Electric Garden uses smart sensors paired with gardening to teach students digital skills. Photo / Supplied
Christchurch-based IT professional Michael Trengrove, founder of tech start-up Electric Garden, talks about plans to launch his educational programme in South Korea, Ireland and Spain.
What does your business do?
Electric Garden is a programme that helps children re-engage with the environment around them using digital tools, such as smartsoil and air sensors, that detect data from a vegetable garden and sends it up into the cloud. From there students are able to log in to view their data.
Once that data has been accessed then with the programme students, through the process, rather than introduce them straight to a piece of software that will do the analysis for them, through the growing cycle students are able to log observations, including with pictures, and are able to manually correlate the observations with the data such as a temperature spike or rain event.
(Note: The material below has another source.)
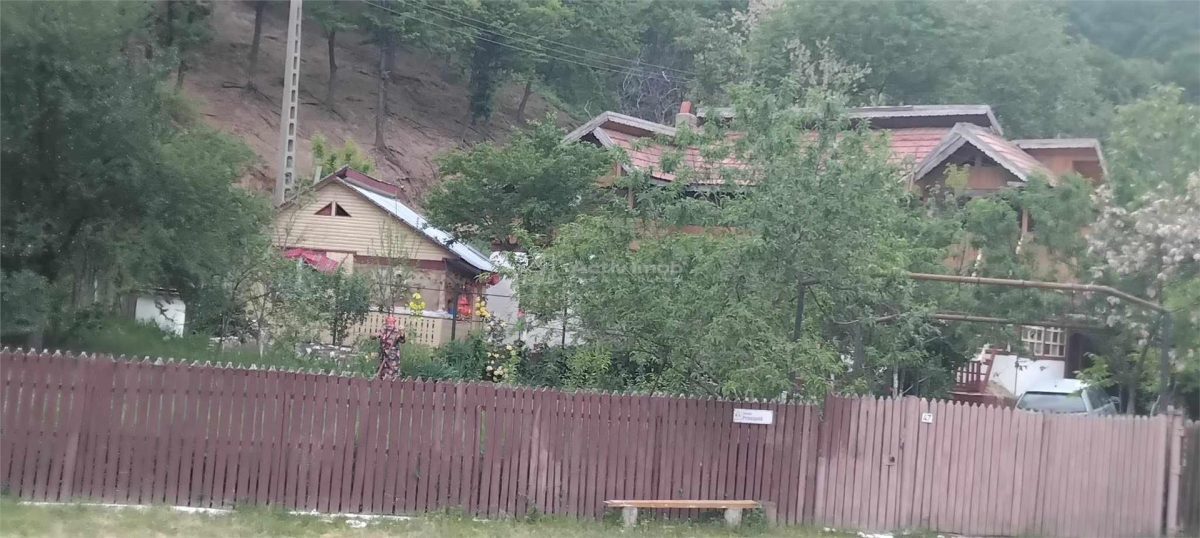 Casa P+1, 5 camere, teren 1200 mp, sat Barbuncesti, Grajdana - foto 13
As they get further into the programme we begin to introduce concepts such as artificial intelligence. Much of what modern tech has done is close these systems off to the public and to students especially so we're about lifting the lid on how the fundamentals of computer science work, that's why this is beneficial for teachers and educators where they can meet the requirements of the new digital technologies curriculum and teach these concepts in a meaningful way with a real world application.
The company was created last year and ran a pilot to start with, and the commercial version launched last month.
The business is wholly-owned by Digital Future Aotearoa, a registered New Zealand educational charity, focused on lifting the digital capabilities of New Zealanders. The motivation was around how do we get kids back outside and away from the screens and engaging with the environment, and to care for the land again. In 2016 the Ministry of Education introduced digital technologies as a subject taught at schools for the first time for years 1 to 13 and this programme makes up lessons for classes.
How are you getting schools on board with the programme?
We launched in January and we've 25 schools using the programme each week and then we're getting one new school each week, our target is to be in about 25 per cent of schools.
We're getting more schools on board through word of mouth and social media. For us, we have an amazing partner with the Spark Foundation and they are help to promote it, plus the Ministry of Education have written a case study on a school that was involved in the pilot. It's a commercial business but being owned by a charity, all profits from the Electric Garden are reinvested into the core mission of the charity which is to deliver digital fluency around the country.
How does Electric Garden make money?
It's a subscription service so a school or community group will sign up and they'll get the hardware and access to the online platform where students can log in and review their data and complete online products. This rolls around each year as we add new projects and hardware improvements.
What are you focused on for the rest of the year?
We're focused on increasing the projects that students and teachers engage with. We'll also be continuing to improve the hardware and get the word out there to more schools and organisations.
We want to look at international markets. We'll be staying focused on New Zealand this year, but certainly through international partners and building relationships we really are looking at bringing this to the European and North American markets.
The Electric Garden is an Internet of Things product so here in New Zealand we utilise Spark's IoT network, so other countries that also have a growing IoT network are perfect. Through partners, we're looking at launching in South Korea, Ireland and Spain.
What's been the biggest challenge you've faced starting Electric Garden?
The biggest challenge has been the hardware development side of it. Doing hardware is hard and we've had to learn how to do it but we've got amazing software and hardware teams. It's definitely been a big learning, but I think we're in a pretty solid position now.
How big is your team?
We have seven people on the team - hardware engineers, firmware and software engineer, a project manager, two educational resource developers and a graphic designer.
What advice do you give to others who want to start their own business?
Get great people around you - both at the advisor level and execution level - that's been key for us.